Poll points to strong Abbott win

The polls have got worse for Kevin Rudd on election day. AAP/Lukas Coch

Tony Abbott is set to clinch a strong victory at today’s election, according to a Nielsen poll that shows the Coalition leading 54-46% in two-party terms, a 4% swing since the 2010 election.

Labor’s primary vote has fallen to 33%, a drop of 2 points in a fortnight in the poll published in Fairfax Media, while the Coalition is on 46%, down a point. The Greens are up one point to 11%.

ALP private polling is indicating a swing against Labor in NSW of about twice the national average, and a heavy anti-Labor movement in Tasmania. If this is reflected today, Labor could lose up to 10 seats in NSW alone and two to three in Tasmania.

It expects to lose two to three in Victoria, and one to two in Queensland. The government is bracing itself for a loss overall of 20 seats and perhaps more.

Among those whose futures are on a knife edge are Treasurer Chris Bowen, in McMahon in NSW (7.8%) and his predecessor, Wayne Swan, now on the backbench who holds Lilley in Queensland (3.2%). Resources minister Gary Gray is being given a 50-50 chance of retaining his Western Australian seat of Brand, which is on 3.3%.

Home Affairs Minister Jason Clare, who holds the western Sydney seat of Blaxland on more than 12%, said people like Bowen and himself would be needed in Parliament to hold Abbott to account if he became prime minister.

In the final day of campaigning Abbott was already talking about how a prime minister should lead, while Kevin Rudd continued to try to sow doubts about his opponent.

Asked about his leadership style if he became PM, Abbott told a news conference that “the big difference between a prime minister and an opposition leader is that an opposition leader inevitably is the leader of a tribe. A prime minister has to be the leader of a nation.

"A successful national leader understands that you’ve got to be a prime minister for everyone, even the people who don’t necessarily support you, even the people who won’t ever vote for you. You’ve got to treat them with respect.”

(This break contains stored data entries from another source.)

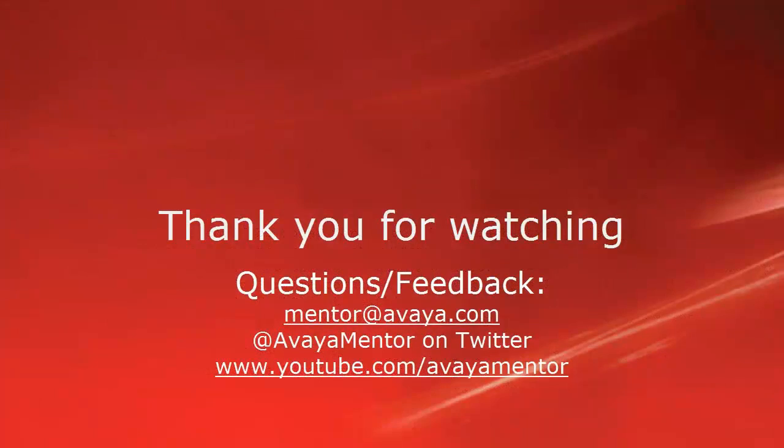I hope this information was helpful. Thank you for your time today. For any questions, comments or feedback, please write to mentor@avaya.com or follow us on twitter at AvayaMentor. Thank you for choosing Avaya.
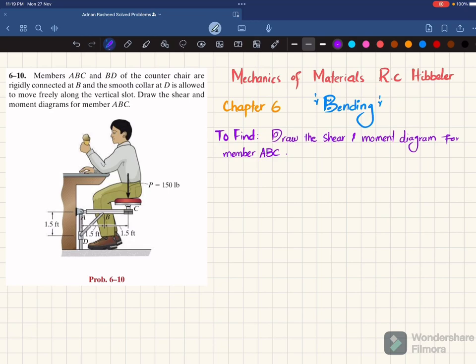First step: if you remove the pin support at point A, you will have a horizontal reaction force represented as A_X, and a vertical reaction force represented as A_Y. And if you remove the collar at D, which only allows vertical motion, there will be a horizontal reaction force represented as N_D. We will find A_X, A_Y, and N_D using equations of equilibrium.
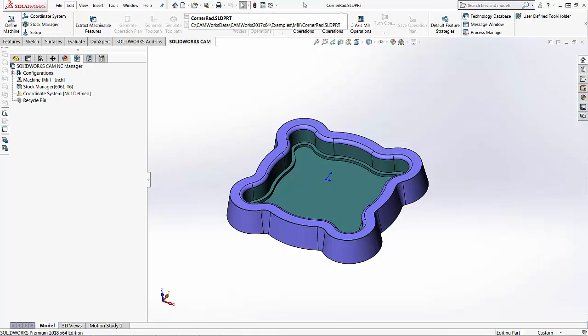Hi, my name is Lindsay Widmeyer and I'm an Applications Engineer at Hawkridge Systems. Today we're going to be covering how to set up your machine and how to create your own machine settings inside of SOLIDWORKS CAM.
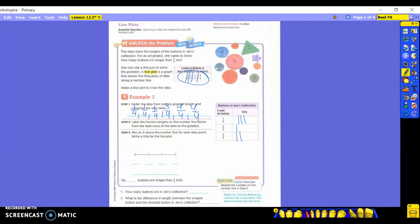We see there are three one-fourths, one three-fourths, and two four-fourths. Step two says to label the fraction lengths on the number line from the least value to the greatest. The least was one-fourth, so we put it first. What should be in between one-fourth and three-fourths? Two-fourths — even though we don't have one, number lines go in order. Here we're counting by fourths, so two-fourths must be there, then three-fourths, then four-fourths.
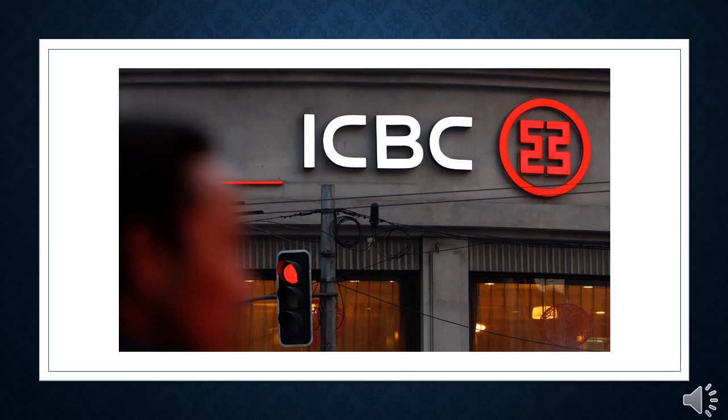The Industrial and Commercial Bank of China, the world's largest lender in terms of assets, was hit with a cyberattack on Thursday, November 9th. In this presentation, I will discuss how it was accomplished and what was done to recover from it.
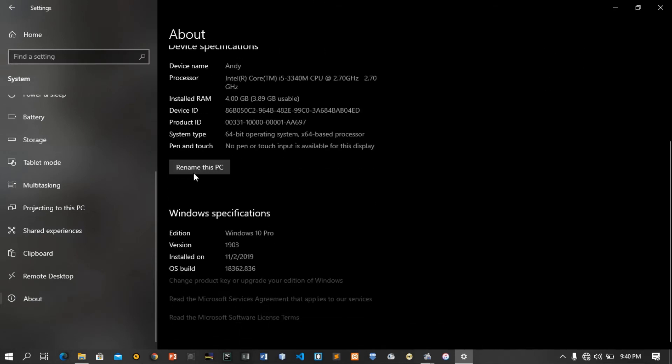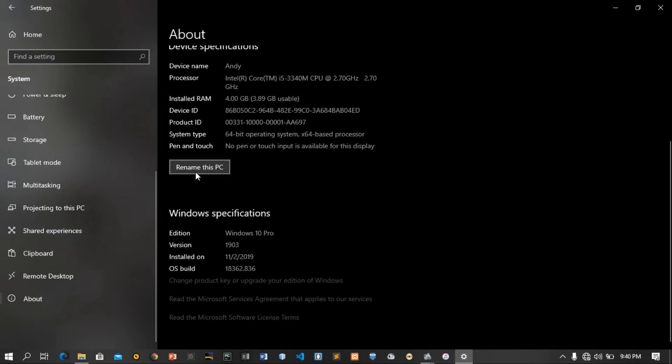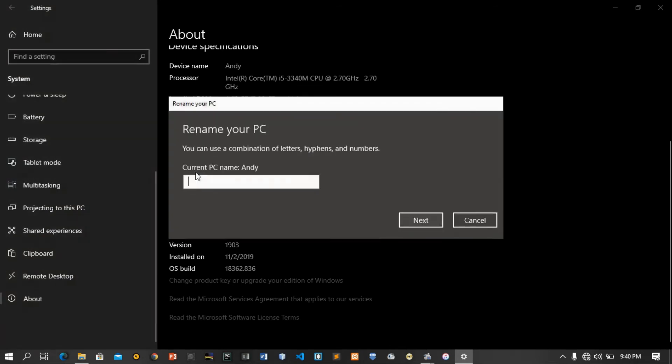We are going to click 'Rename this PC'. This will change the device name that appears when your computer is booting. The computer will display its current name and will request for you to put the name that you want, the name of your choice.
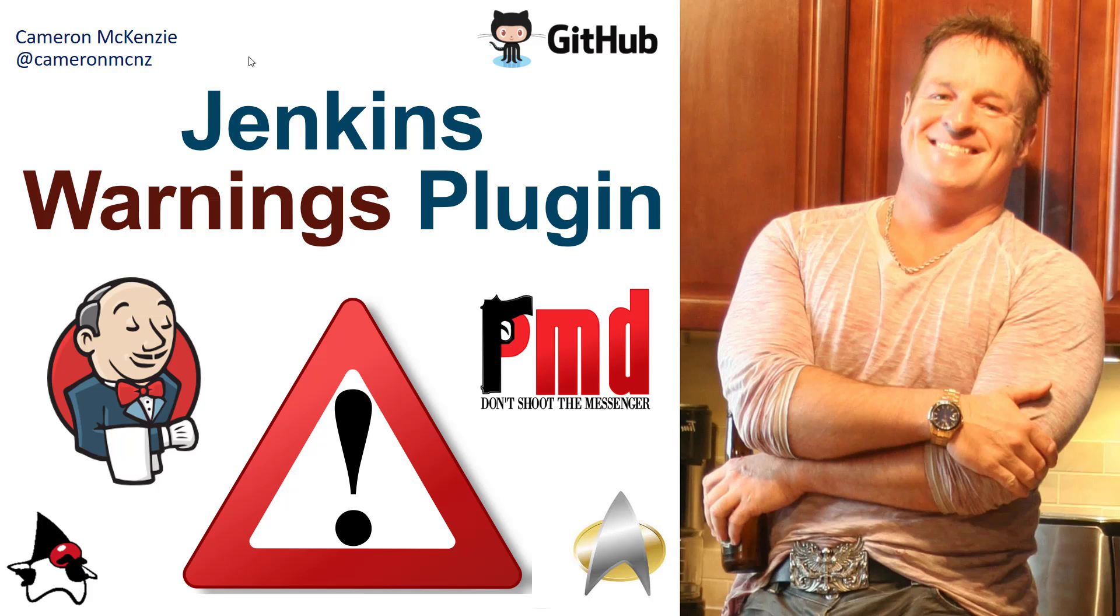Hey, I'm Cameron McKenzie at CameronMCNZ on Twitter and I wanted to talk to you about the Next Generation, not the Star Trek Next Generation. I wanted to talk to you about the Warnings Next Generation plugin in Jenkins.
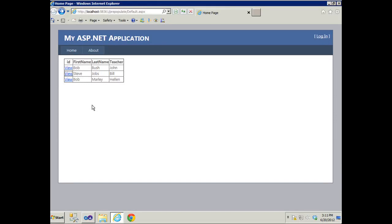I've been asked many times by my viewers to show them how to pre-populate text boxes coming from a database, and here's a good example. You have a grid view of records and the grid view may not show all the fields, and you want to be able to go to a form which will get pre-populated with data for this particular record, and then you'll be able to edit or do whatever else you want with that form.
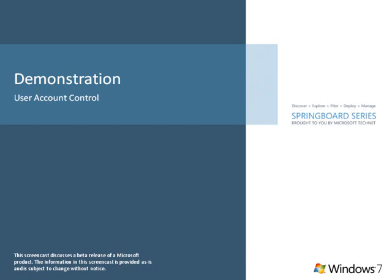This screencast demonstrates improvements to User Account Control for Windows 7. User Account Control, or UAC, was introduced in Windows Vista to help provide customers more control of their system.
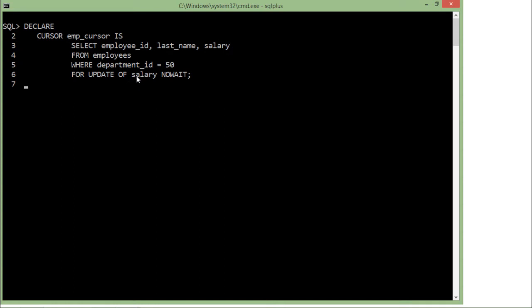I am locking the salary field so that if any other user tries to update a record for department 50 on salary, they will not be able to do that. But if another user has already locked the data before me, I will get an exception because I have passed NOWAIT. So it will give you an exception if those records are already locked by any other user.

The final assurance he gave voters was that “we have to be a country which better rewards people who have a go, but the last thing we want to do is to leave anyone behind.”

He also appealed to people not to vote for minor parties and independents.

One of his senior frontbenchers, Sophie Mirabella, is fighting for her political life in the Victorian regional seat of Indi where she is under challenge from local independent Cathy McGowan.

In Queensland the parties formed by Bob Katter and Clive Palmer are complicating the contest.

Rudd said his message was: “If with one day to go you still have doubts about Mr Abbott’s hidden massive cuts and their effect on your jobs, your school, your hospital, your childcare centre and your NBN, then don’t vote for him.”

He said the published polls showed about a three percentage points gap between Labor and the Coalition. This represented 300,000-400,000 voters’ “who we need to get on our side of the pile before polling booths close”.

“My message to those 300-400,000 Australians is … if at this stage of the process you have got doubts about what Mr Abbott has in store for you, given he has kept his plans hidden until the last moment, then don’t vote for him.”

Foreign Minister Bob Carr, who is representing Rudd at the G20 summit in St Petersburg, urged “people to think what a conservative government with a big majority would be tempted to do”.

Former prime minister Bob Hawke said Rudd had made a mistake in not going to the polls earlier.